The authors report an HIV vaccine trial conducted in participants from East Africa, South Africa, Thailand, and USA. They tested a mosaic vaccine constituting portions of a non-HIV virus plus 3 of the most important proteins found on the surface of HIV. This trial evaluated the safety, tolerability and efficacy of the vaccine in 393 healthy volunteers. At the same time the team injected monkeys with the same vaccine and later challenged them with an HIV-like virus. The researchers showed that the vaccine caused a strong anti-HIV immune response in HIV-negative volunteers up to week 50. Interestingly the vaccine caused a similar immune response in monkeys.

The evidence gives strong optimism since previous attempts were illusive and it provides a new benchmark for future improvements. The road to the clinic is still unpredictable since the exact mode of action in humans is still unknown and the 67% protection in monkeys might not be replicable in humans. The vaccine would go far in shrinking an epidemic expanding by 1.8 million annual new infections, many of which might be resistant to some drugs in clinical use.

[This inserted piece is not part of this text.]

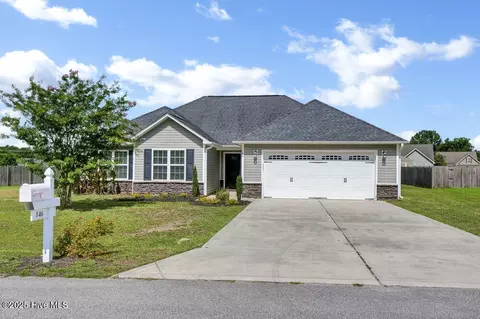 146 Prelude Dr, Richlands, NC 28574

Last updated: 07 Jul 2018 11:20am
Declared conflicts of interest:
None declared.
Martyn French is Emeritus Professor in the UWA Medical School and School of Biomedical Sciences, University of Western Australia

The paper by Barouch and colleagues has provided evidence from studies in human volunteers and monkeys that a vaccine containing components of multiple types of HIV (so called mosaic HIV vaccine) is able to induce strong immune responses and, furthermore, defined the optimum way of delivering the vaccine. These findings certainly provide hope that a universal HIV vaccine might be achievable. However, research in recent years has highlighted that it is critical to not only induce immune responses, such as antibodies, but responses with effective functions. The ‘gold standard’ functional test is prevention of HIV or SHIV (the equivalent in monkeys) infection. This was achieved in most monkeys tested in the study reported in this paper. A future study will determine if this is achievable in humans.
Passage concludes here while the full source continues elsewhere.